Stock Price: How is the share price determined?

Why do prices fluctuate every second? How the current stock price is formed by supply, demand, and psychological factors.

# Stock Price: How is the share price determined?

The **current stock price** represents the market value of a single share of a company at a given moment. It is a dynamic figure that fluctuates constantly, driven by the interplay of supply and demand on the stock exchange. Understanding how this price is determined is crucial for any investor.

## The Market Mechanism: Order Book and Matching

At the heart of stock price determination lies the **order book**. This is a digital record of all outstanding buy and sell orders for a particular stock. Buyers place **bid prices**, indicating the maximum they are willing to pay, while sellers set **ask prices**, representing the minimum they will accept.

The stock exchange's trading system then acts as a **matching engine**. When a bid price matches an ask price, a trade occurs. The price at which this trade happens becomes the new **current stock price**. For example, if the highest bid for a company's stock is $50 and the lowest ask is $50.10, and a buyer decides to accept the ask price, the stock's price will be recorded as $50.10. Conversely, if a seller accepts the bid price, the transaction will occur at $50.

## Price vs.

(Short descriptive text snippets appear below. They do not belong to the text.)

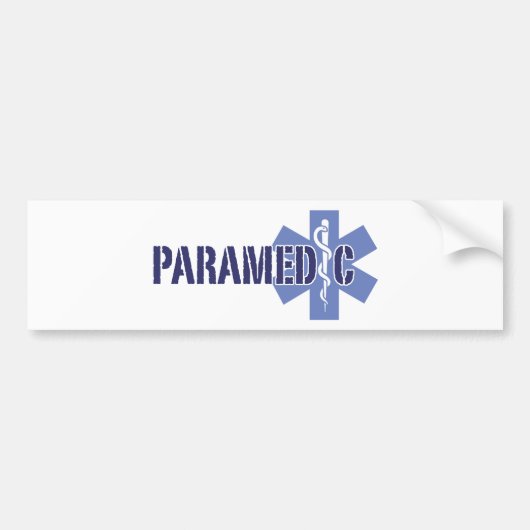 Paramedic Bumpersticker (Voorkant)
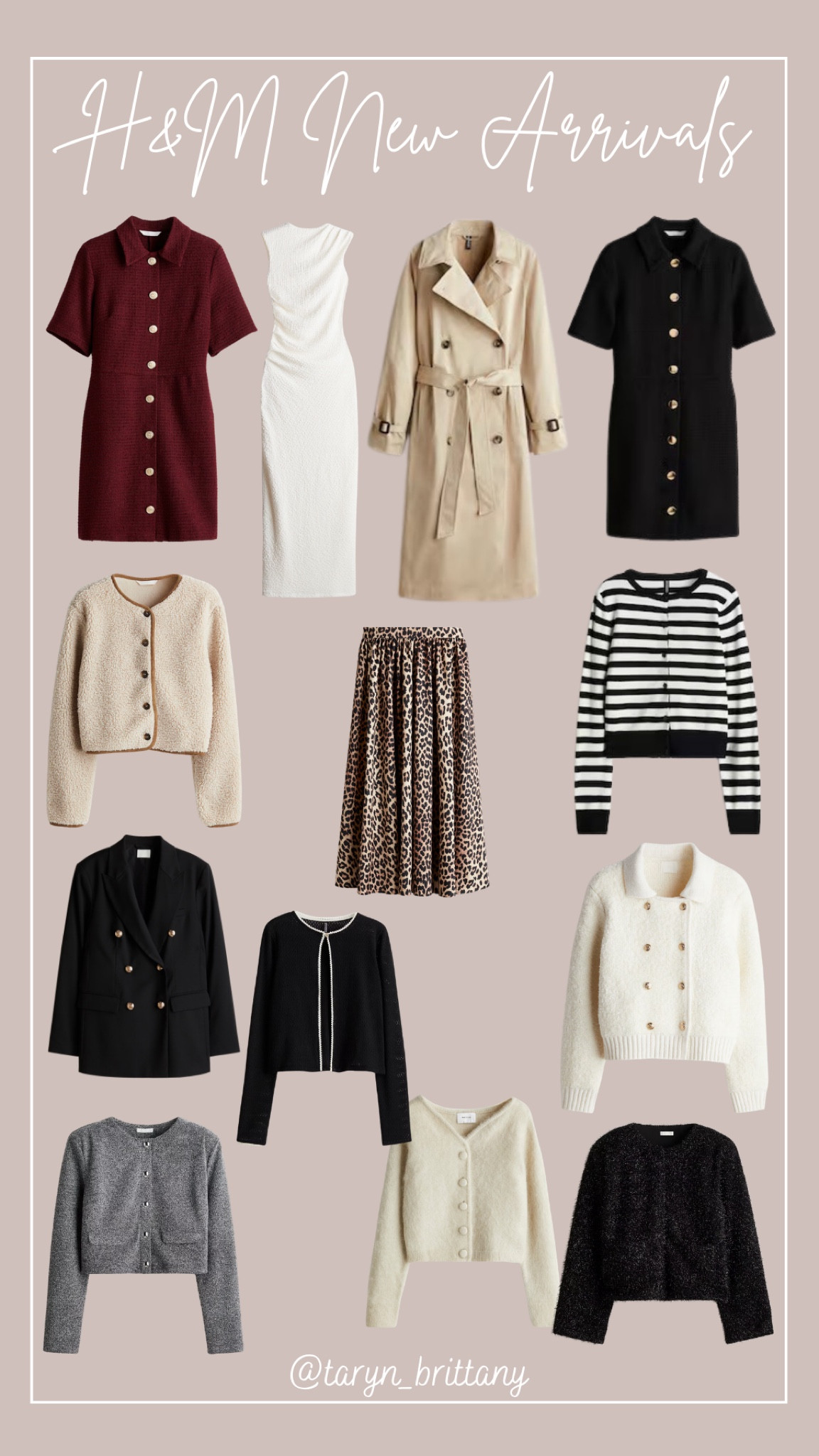 H&M New Arrivals 20% off $75 + free shipping for members ❤️

Work dress 
Trench coat 
Blazer 
Cardigan 
Leopard skirt 

#LTKWorkwear #LTKFindsUnder100 #LTKSaleAlert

Intrinsic Value

It's important to distinguish between the **current stock price** and a company's **intrinsic value**. The intrinsic value is an estimation of a company's true worth, based on fundamental analysis of its assets, earnings, growth prospects, and management. The stock price, on the other hand, is the market's collective perception of that value, which can be influenced by a multitude of factors beyond pure financials. Often, the stock price can deviate significantly from the intrinsic value in the short term.

## Influence of News and Quarterly Reports on Volatility

The stock market thrives on information. **News events** and **quarterly financial reports** are significant drivers of stock price volatility. Positive news, such as a new product launch or strong sales figures, can increase demand and drive the price up. Conversely, negative news, like a product recall or disappointing earnings, can lead to increased selling pressure and a price decline.

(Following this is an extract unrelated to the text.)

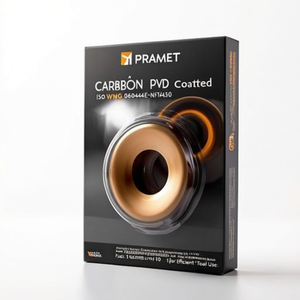 Insertos de Torneado Indexables PRAMET con Recubrimiento PVD ISO WNMG 060404E-NFT8430 D.3.81mm, Paquete de 10 para un Uso Eficiente de la Herramienta - Product Image 2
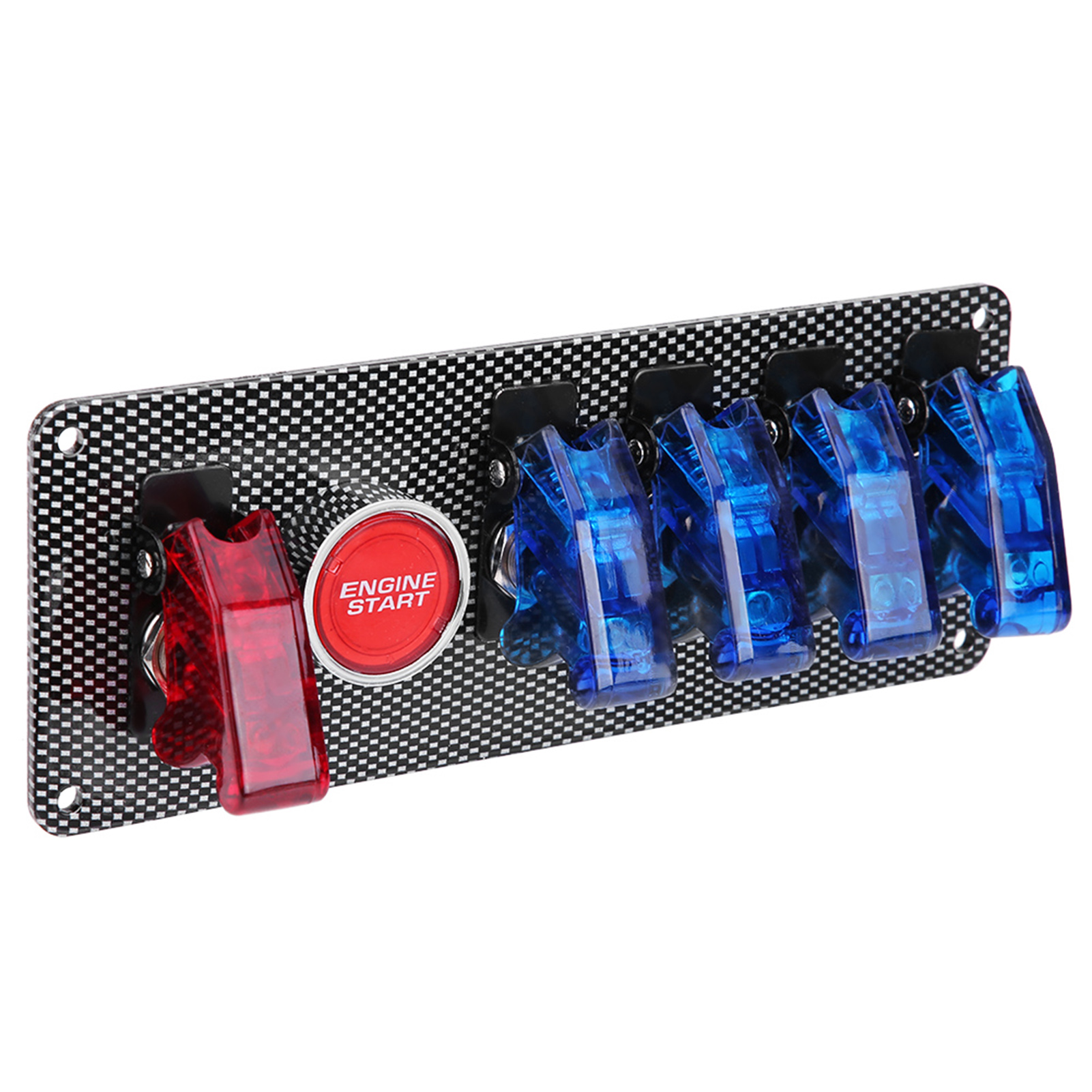 6-in-1 Rennwagen-startpanel, 12v-motorzündknopf, Steuerungssatz Mit Schalter.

For instance, if a company announces better-than-expected **quarterly earnings**, investors' confidence might rise, leading to more buy orders and thus a higher stock price. If the same company misses its earnings targets, the opposite is likely to occur, potentially causing a sharp drop in price as investors sell their holdings. This sensitivity to information is what creates the daily fluctuations seen in stock prices.

## Conclusion

The current stock price is a real-time reflection of supply and demand, facilitated by the order book and matching engine. While it represents the market's current valuation, it is distinct from a company's intrinsic value. Investors must remain aware of how news and financial reports can impact this price, influencing market sentiment and driving volatility.